A fog-driven dynamic resource allocation technique in ultra dense femtocell networks

The highly dense small cell structure filled with large number of Femtocell Base Stations (FBSs) is expected to address the increasing data demand of end users in current and upcoming generation of wireless networks. However, the large and random deployment of such devices incur severe interference which leads to significant performance degradation. To overcome this issue in the Orthogonal Frequency Division Multiple Access (OFDMA)-based femtocell networks, we propose a hierarchical technique consisting of a dynamic distributed clustering and a fog-driven resource allocation to optimize the total throughput of the network while mitigating the interference. Our fully distributed clustering method is designed so that FBSs adaptively form clusters with dynamic size based on the current status of the network and end users.
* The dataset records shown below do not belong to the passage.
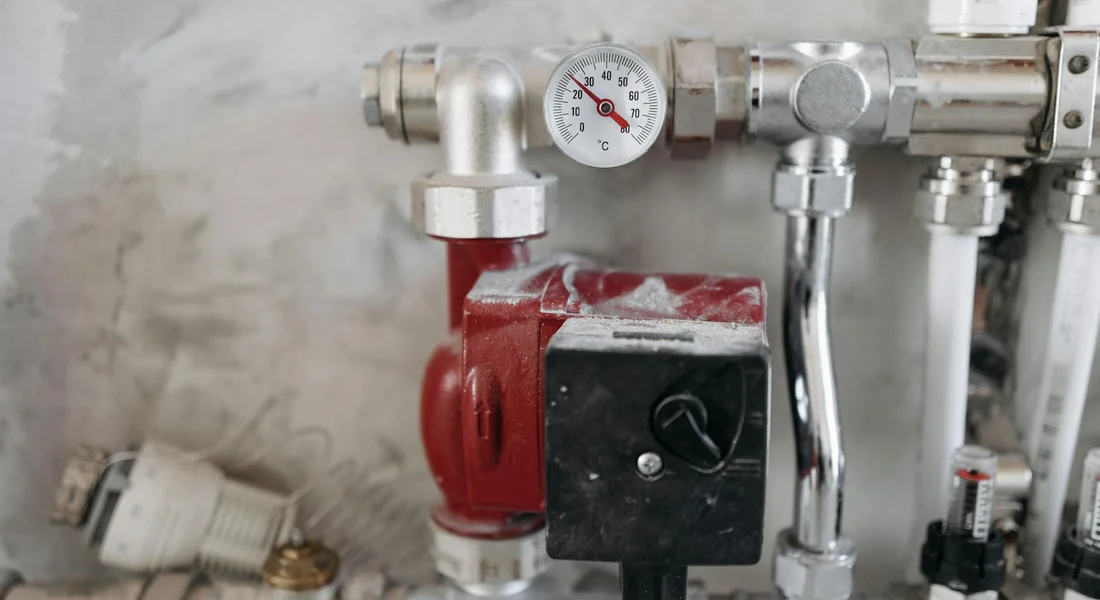 Close-up of a submersible water pump with pressure gauge and plumbing connections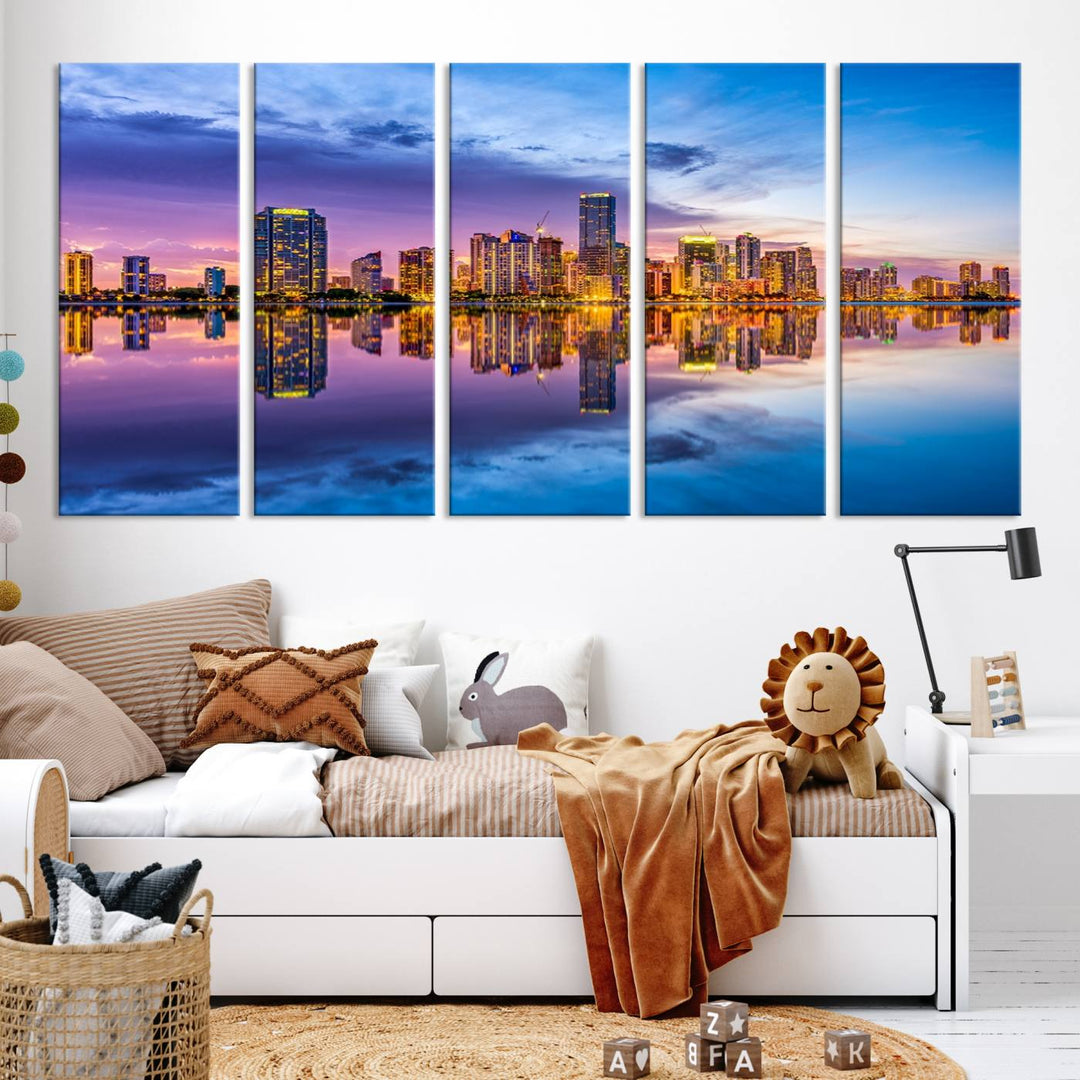 The Miami City Wall Art Canvas Print, featuring a three-panel depiction of a city skyline at sunset reflected in water, beautifully enhances the wall. Made with museum-quality canvas and a UV-protective coating, it comes ready to hang.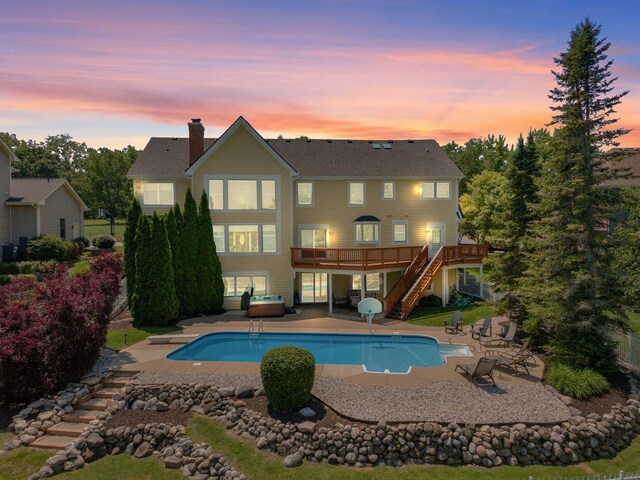 6312 Kingsbridge Dr, Cary, IL 60013 - back of property at dusk with stairs, a wooden deck, a chimney, a patio area, and an outdoor pool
Moreover, we put forward a policy-aware resource allocation method to address the intra and inter-cluster interference, which are two potential types of interference in clustering-based resource allocation techniques. Since our technique carefully considers users' demands in cluster formation, there is always sufficient resources for end users in each cluster, so that each cluster head can find a resource allocation solution, by which no intra-cluster interference occurs. Besides, we employ local fog servers situated in the proximity of clusters for monitoring and assigning a set of policies to CHs for resource allocation, by which the number of inter-cluster interference can be significantly reduced. The extensive simulation results demonstrate that our proposed hierarchical technique significantly improves total throughout, interference, user satisfaction, and fairness compared to other proposed techniques in dense and ultra-dense femtocell networks.